CRISÁLIDA é um trabalho sobre transformação, renascimento, vida-morte-vida. A relação arte-vida da performance é colocada diretamente no espaço de ação, onde as marcas do corpo, provocadas pelo atrito da corda de sisal, lembram os processos impressos na subjetividade de cada um, em cada momento da vida. Tão difícil quanto compor a CRISÁLIDA, nesse invólucro sensível e resistente, volta por volta em torno do corpo, é se desvencilhar do que não faz mais sentido, desapegar do que já foi, mas que fica como registro no banco de experiências de cada um.
O trabalho traz um sentido muito nítido de libertação e liberação do corpo, de se renovar para novas possibilidades de vida, continuamente. O desafio de suportar a opressão do invólucro, essa limitação da carne do corpo, sua inescapável limitação, limites e capas, carapaças, rodeios de ordem cultural, social, sexual e política é profundo na superfície da pele que se desenrola ali, diante de todos. Soltar os nós e as amarras, arranhar a pele, inscrever outras tatuagens também requer bastante esforço e dedicação que, para mim, no momento da performance se traduz em um estado de comoção. E emoção brota na respiração, no choro e em espasmos, em que me percebo puro instinto: sei que preciso me livrar.
A narrativa desses estados e das cordas que vão se soltando pelo espaço, como rastros, cascas, linhas de fuga acessa diretamente a memória, a minha memória e das pessoas que testemunham a performance, que testemunharam tantos outros momentos onde foi imperativo nascer de novo, se reinventar, criar um outro nome próprio ou uma nova filiação. CRISÁLIDA é uma forma de ritualizar essas tantas mortes e ressurreições que experimentamos ao longo do cordão da vida.
O corpo CRISÁLIDA revela também algumas imagens provocadoras, desse corpo inaugural: como é um corpo que nasce? Essa nudez que acontece na CRISÁLIDA, essa nudez acontecimento mais que desvelar um corpo sem roupa, mostra uma tarefa performática de descamar o corpo de códigos de gênero ou de consumo, códigos de comportamento e de visibilidade, códigos que se transformam na ação através da submissão, do erotismo ou da emoção literalmente à flor da pele.
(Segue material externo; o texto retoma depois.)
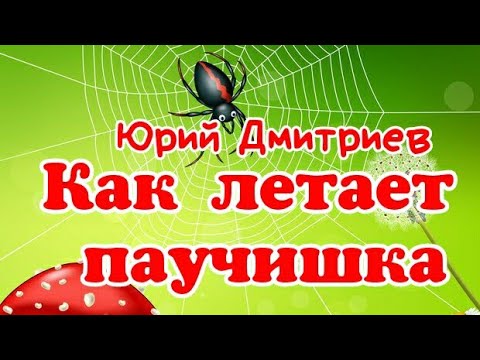 Видео: Как летает паучишка. Юрий Дмитриев. Рассказ для детей с картинками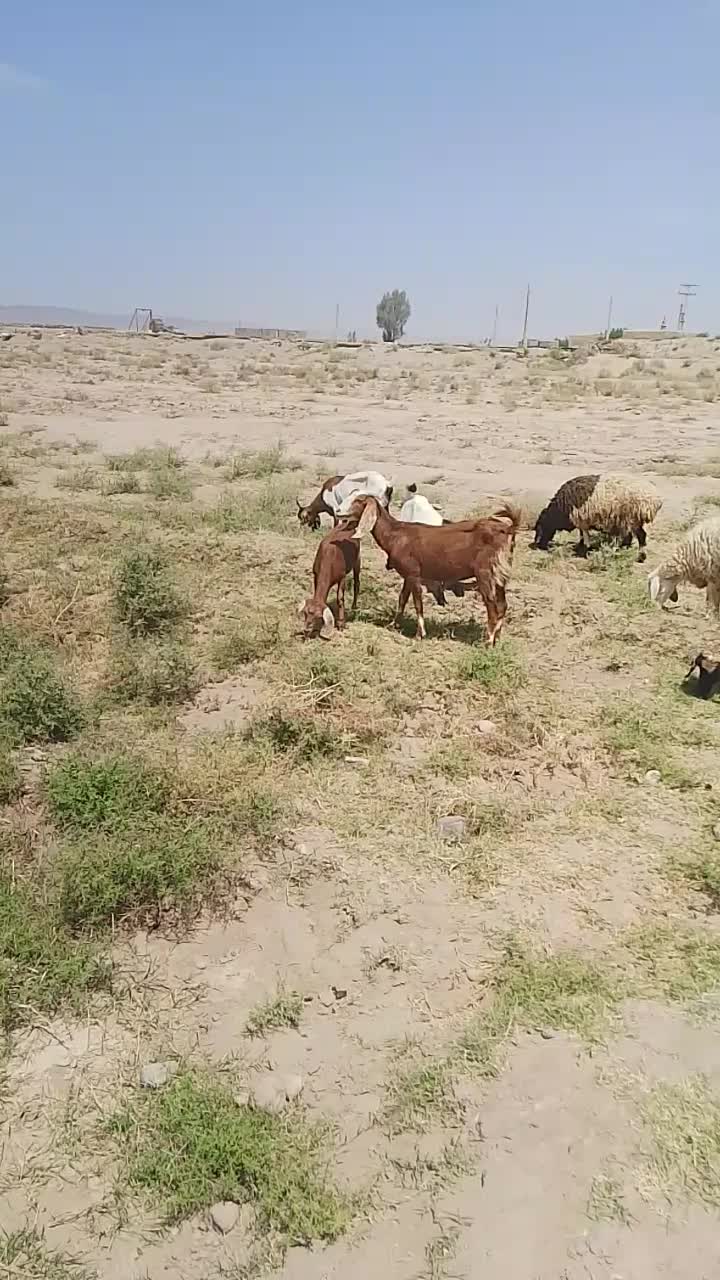 مری بز برای مالداری|حیوانات مزرعه|خاش, |دیوار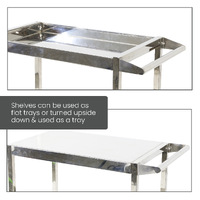 Stainless Steel 2 & 3 Tier Trolleys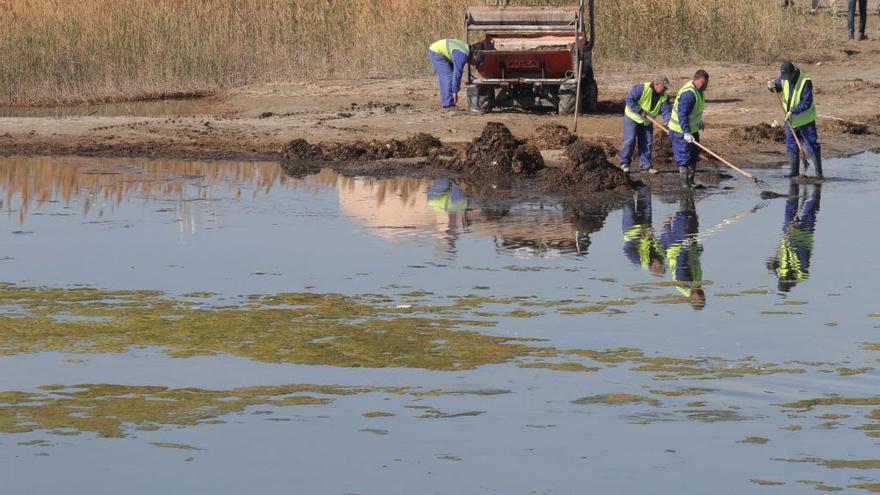 Operarios trabajan en una zona de Los Nietos.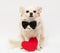 Valentine in love, a chihuahua dog in a bow tie looks into the camera with a red heart made of paper near his paws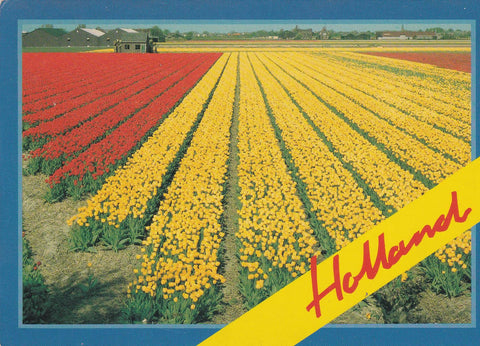 POSTAL B6847: HOLANDA: CAMPO DE TULIPANES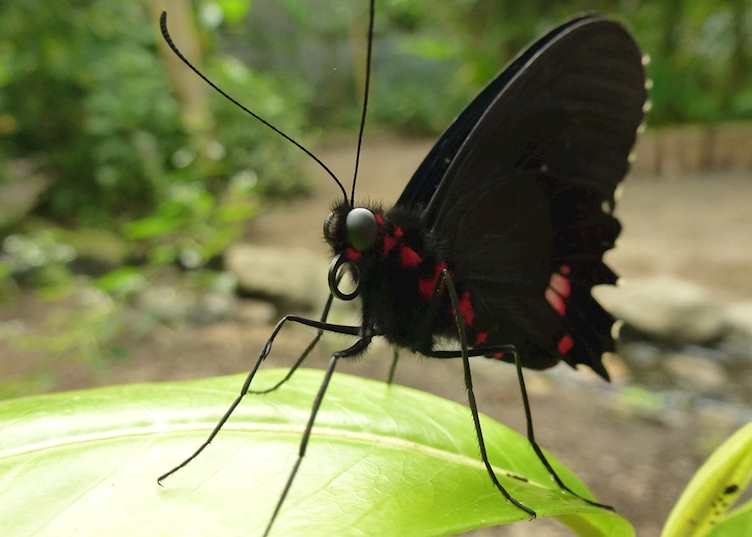 Butterfly Masphi Lodge Cloud Forest Ecuador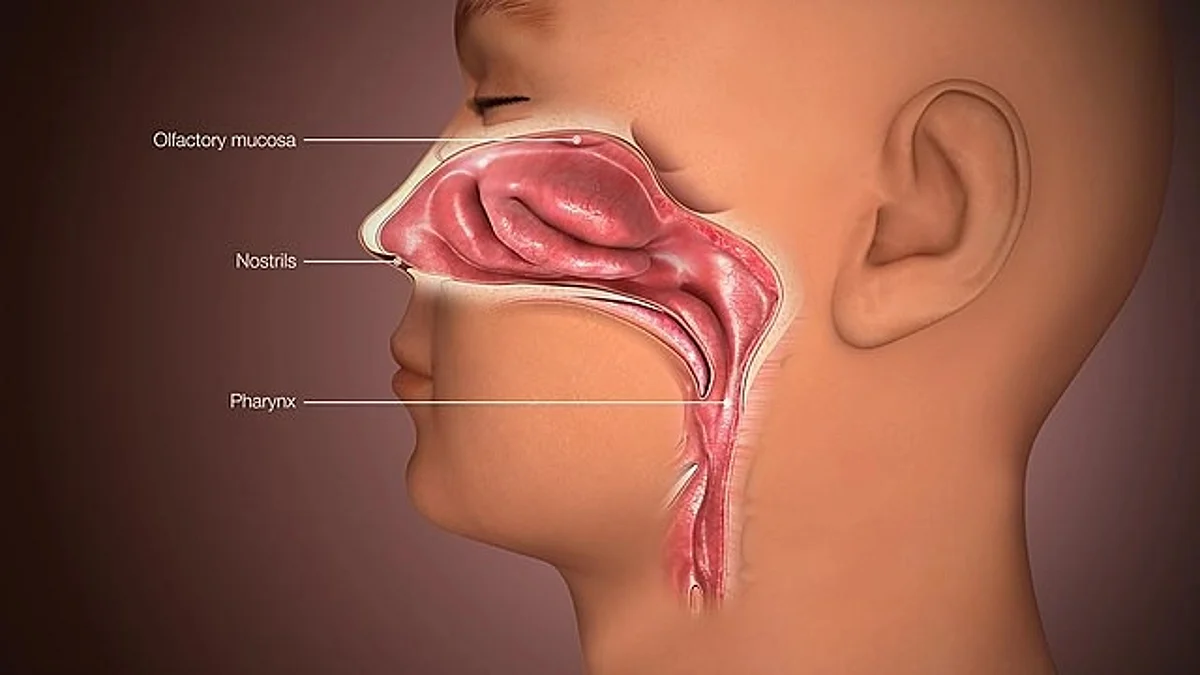 Loss of the sense of smell is a predictive marker for an increased risk of frailty as people age. Olfactory dysfunction is an early sign of brain-linked cognitive decline. (WIKIMEDIA COMMONS)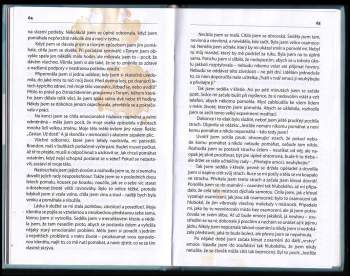 Brandon Bays: Cesta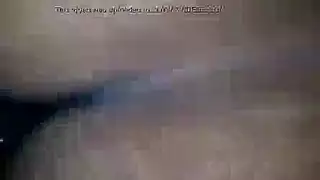 الديك الأسود الكبير يعشق هذا الأبنوس قبل البلع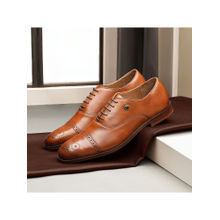 Arrow Men Vertex Tan Oxfords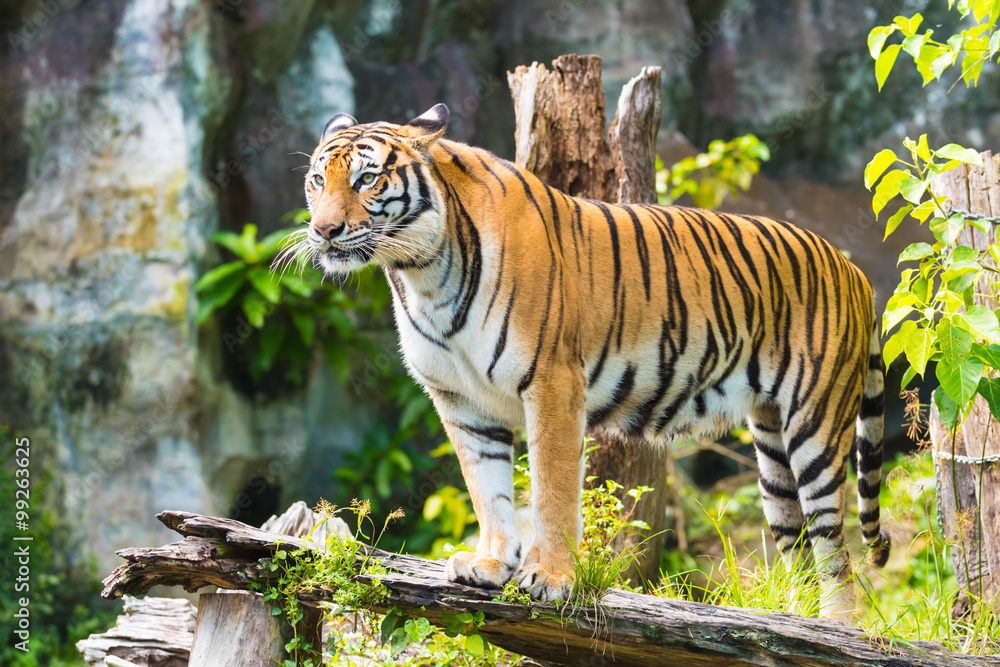 动物园里的孟加拉虎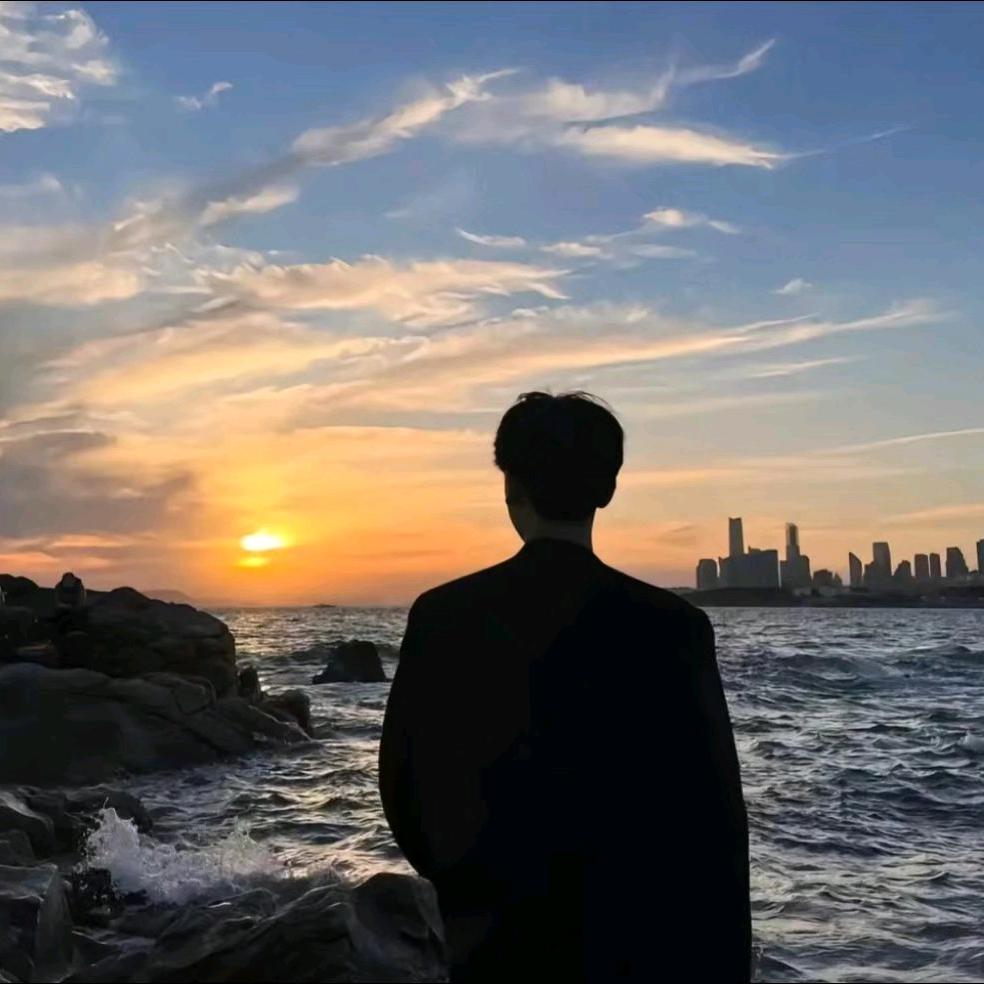 不坠青云志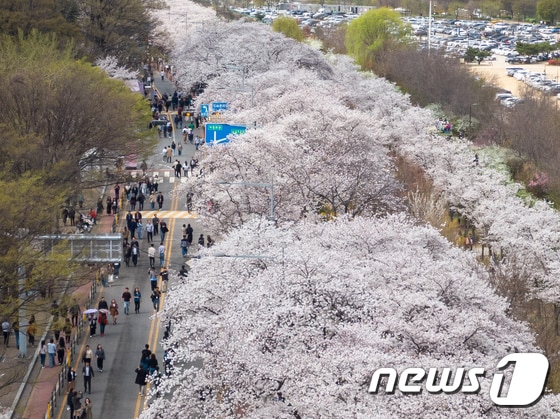 4일 서울 영등포구 여의서로를 찾은 상춘객들이 만개한 벚꽃 아래를 거닐며 봄을 만끽하고 있다. 2024.4.4/뉴스1 © News1 유승관 기자
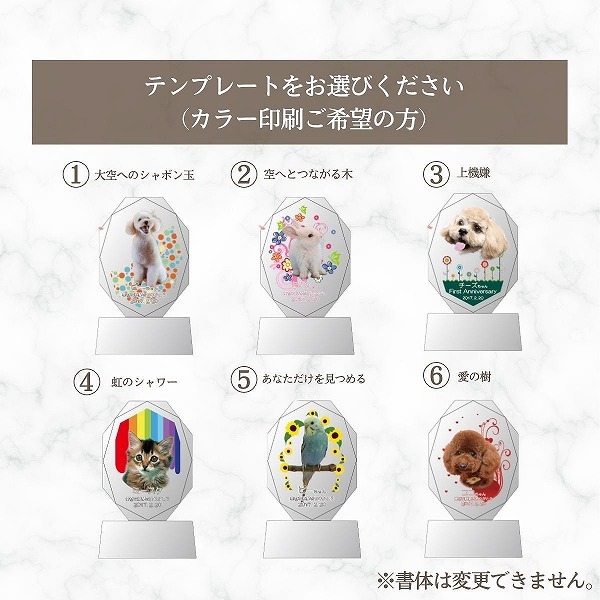 UVカラー加工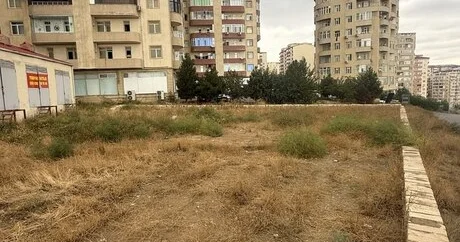 Yasamalda torpaq niyə bahadır? 700, 800 min...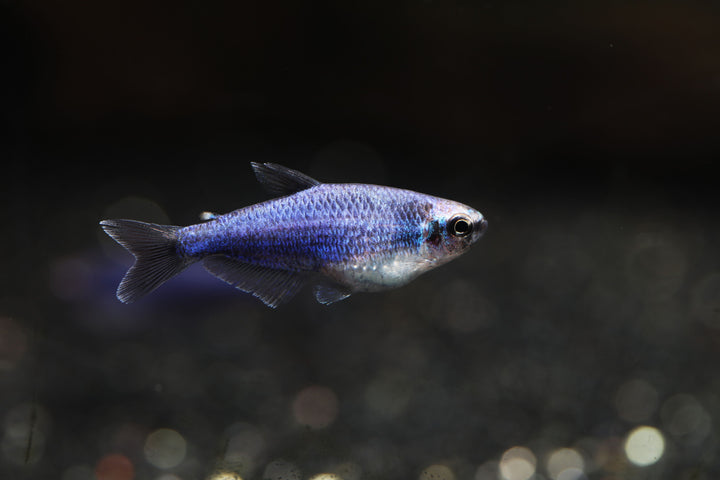 Kerri Tetra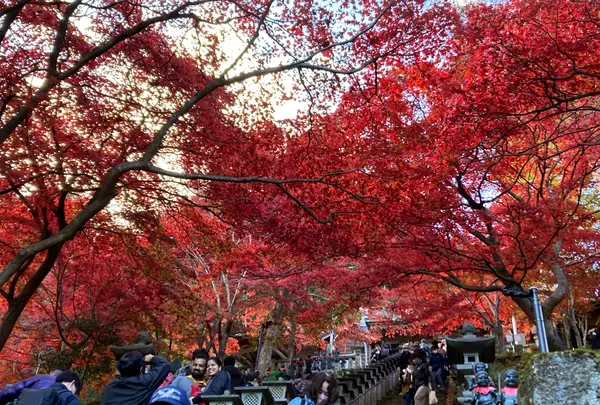 大山寺の写真・動画_image_1018738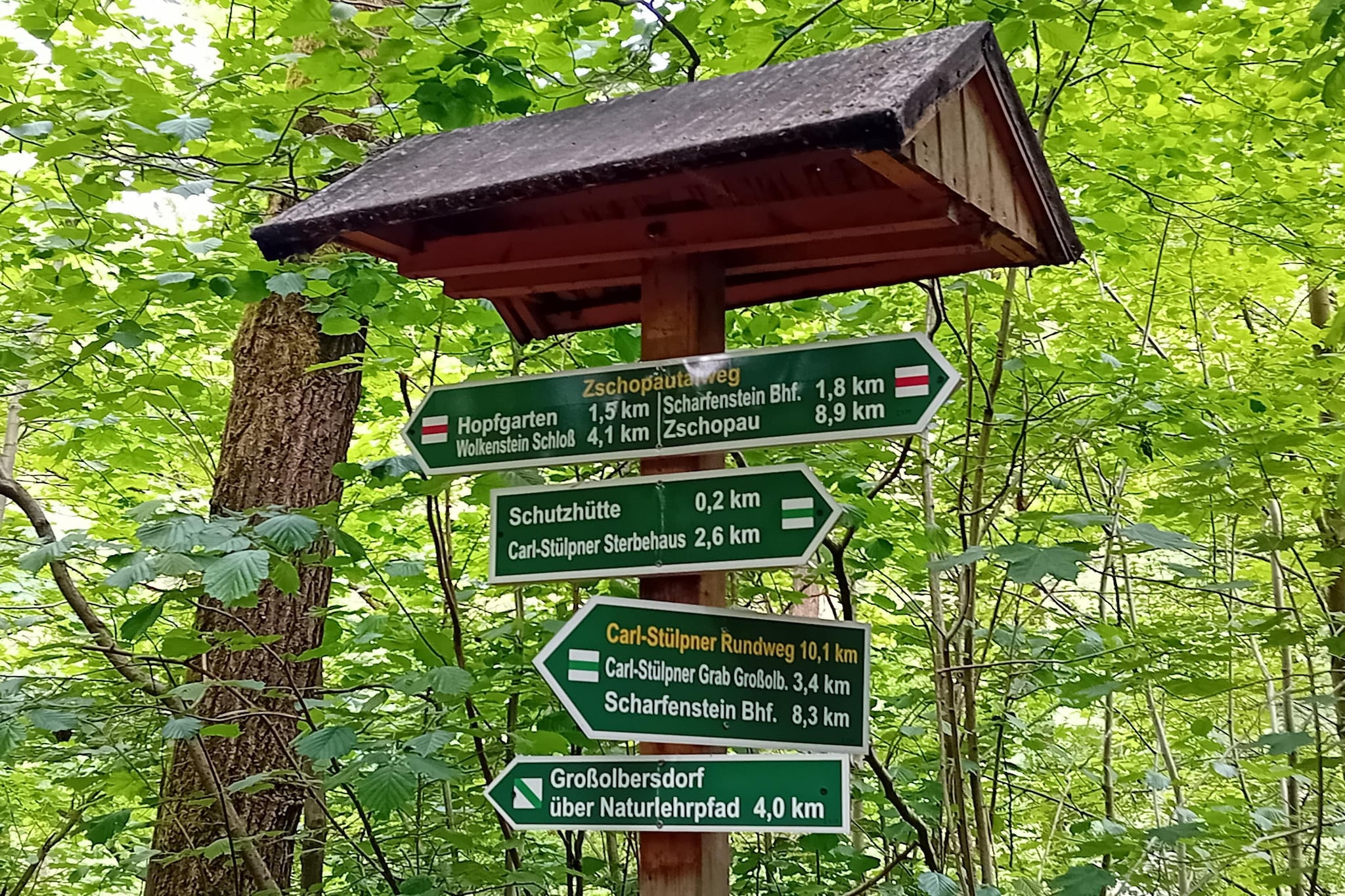 Bungalow Waldidyl im Erzgebirge - Gebieden zomer 1km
O material da performance, impregnado dessa energia de expansão, permaneceu na galeria, até a próxima ação.
Neste domingo, 18 de janeiro, às 15h, é a vez de NU NÃO VENDO VENDADA, performance baseada nas ações ultra cotidianas do vestir e do desvestir. Essas ações ganham outra dimensão ao refletir sobre a relação do ver e ser visto que está implicada no programa de aparência corporal que compomos para nós e para os outros, de forma simultaneamente individual e coletiva.